There are a few “truths” that experts do agree on, such as: some regions will experience warming and its effects faster than others. For example, even in more conservative scenarios which limit global average temperature rise to 2°C, temperatures in the Arctic could increase by 8°C before the next century. Similarly, some projections for global sea-level rise are 0.87 m (2.9 ft) and 0.72 m (2.3 ft) but will be lower in certain regions than others, for a few reasons. One important consideration is the powerful gravitational pull of ice sheets at the poles. This means sea-levels are likely to rise higher in the Eastern United States than in Alaska and the Northern Isles of the U.K. – although this force will weaken as polar ice melts, which is occurring at an alarming rate.

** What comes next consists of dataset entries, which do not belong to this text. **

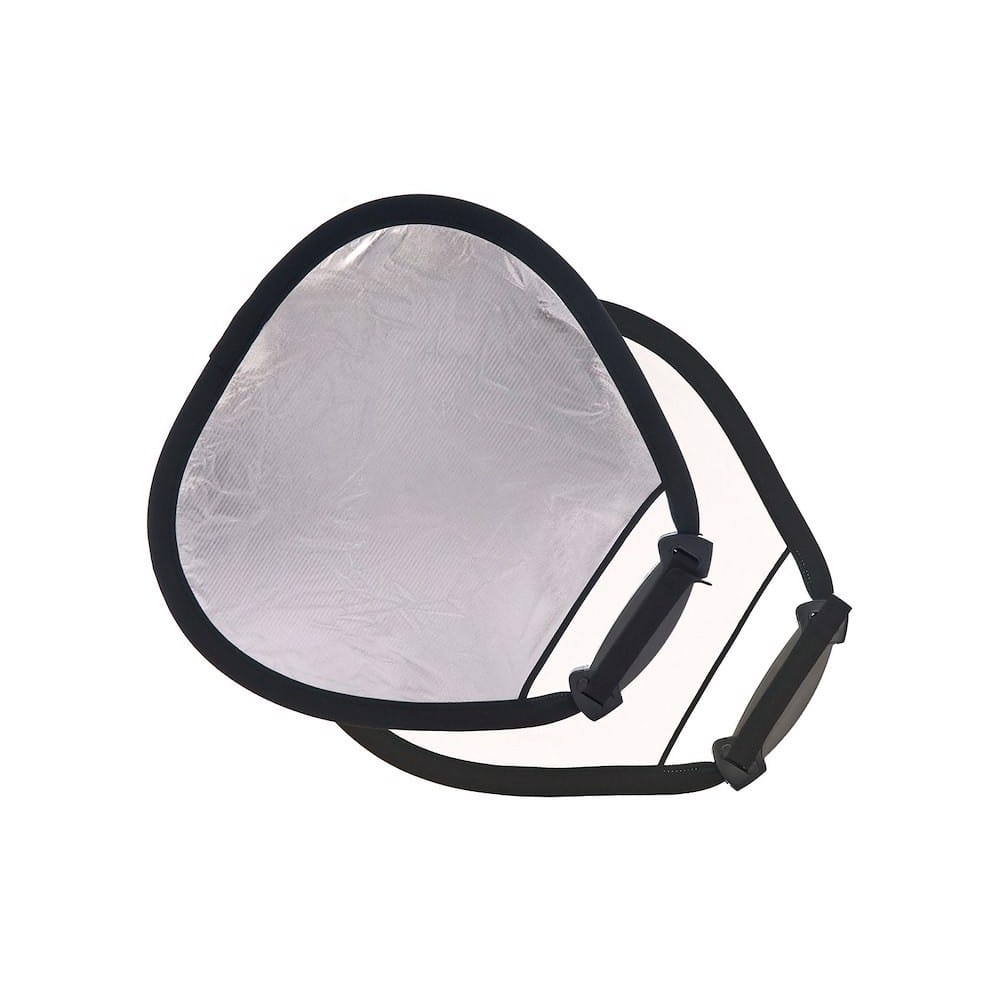Manfrotto LL LR3531 Blenda Trigrip Mini 45cm Silver/White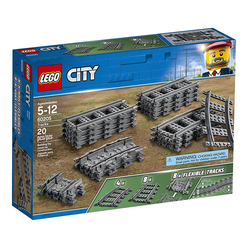 Lego City Tracks 60205 - Thumbnail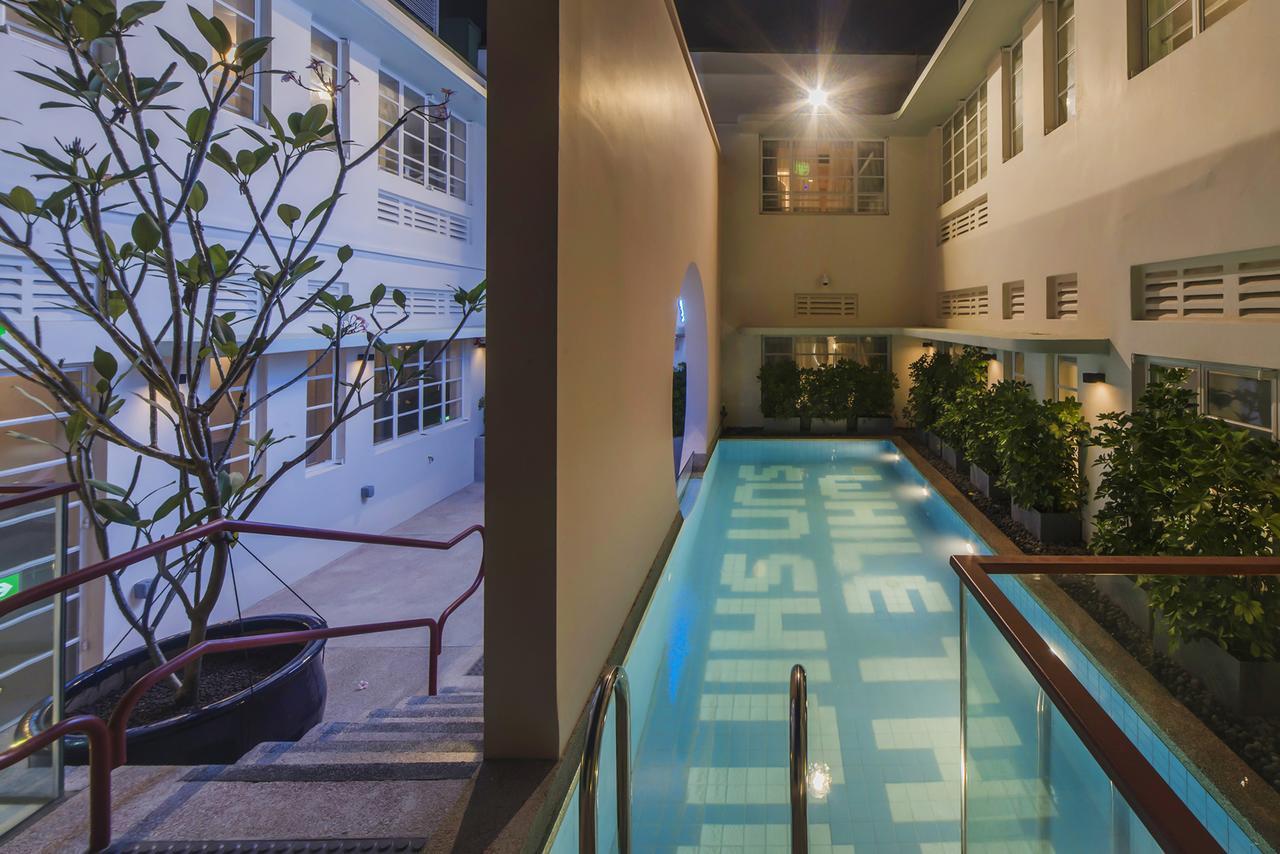 Madras Hotel@Tekka Singapore Exterior photo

These differences are paramount to ensuring appropriate and cost-effective planning for impacts as well as for allocating international funds. HELIX and other 2°C+ research seeks to inform the design of effective medium to long-term adaptation efforts (mid-century and beyond). Playing the waiting game will not pay off: because anthropogenic climate change is expected to be the main influence in these scenarios, actions taken today will have important consequences. If we do not adequately account for the range of potential changes in temperature, precipitation and over climate quantities, local level projects for biodiversity, infrastructure enhancement or agricultural productivity may not be sustainable or effective. An important set of tools is provided by higher resolution, more data-hungry, and more refined ensembles of climate models, which better help us assess the range of possible implications of 2, 4 and 6°C temperature increases.
One such ensemble is CMIP5, which comprises around 30-40 models projecting future changes in temperatures and precipitation for different scenarios of future emissions. From these we are able to estimate relevant derivatives such as crop yields and water availability. Encapsulating our understanding of how the climate system works, and backed up by observations, climate models project which areas of the world will warm faster than others for the same global mean surface temperature, as shown in Figure 1. Land areas will warm faster than ocean, but with some variability; the poles are also projected to warm more rapidly.
By comparing the range of responses from a handful of agreed scenarios output by different climate models, we can assess the range of potential timings of reaching different warming levels. Figure 2 shows the range of projections for global mean surface temperature increases for the main scenarios used in projections. Despite uncertainties in the timings of reaching specific warming levels (2, 4 and 6°C), living in a >2°C by the end of the 21st century (2081-2100) is a very real possibility. Indeed it could easily occur by the middle of the century. In a credible scenario in which action on climate change fails to adhere to an emissions path consistent with the 2°C target, a world 3-5°C warmer than pre-industrial is possible by the end of the century.
Mean temperature increases are expected exceed 2°C in most land areas by the end of the century. Work is also under way in the HELIX project to build on previous efforts downscale climate model projections to be more regionally relevant (see, for example, the CORDEX project).
Five years have passed since the Copenhagen Accord pledges to the 2°C guardrail. This year at the Conference of the Parties to the UN Framework Convention on Climate Change in Paris (COP21), delegates from over a 190 nations will again embark on the regular discussions on limiting global climate change and its nefarious effects. Reaching an extreme and unprecedented world 2°C warmer than our own within our lifetime can no longer be considered uncertain. Building a set of uncertain, but possible, worlds can help decision-makers assist communities as they adapt to the environmental conditions changing around them.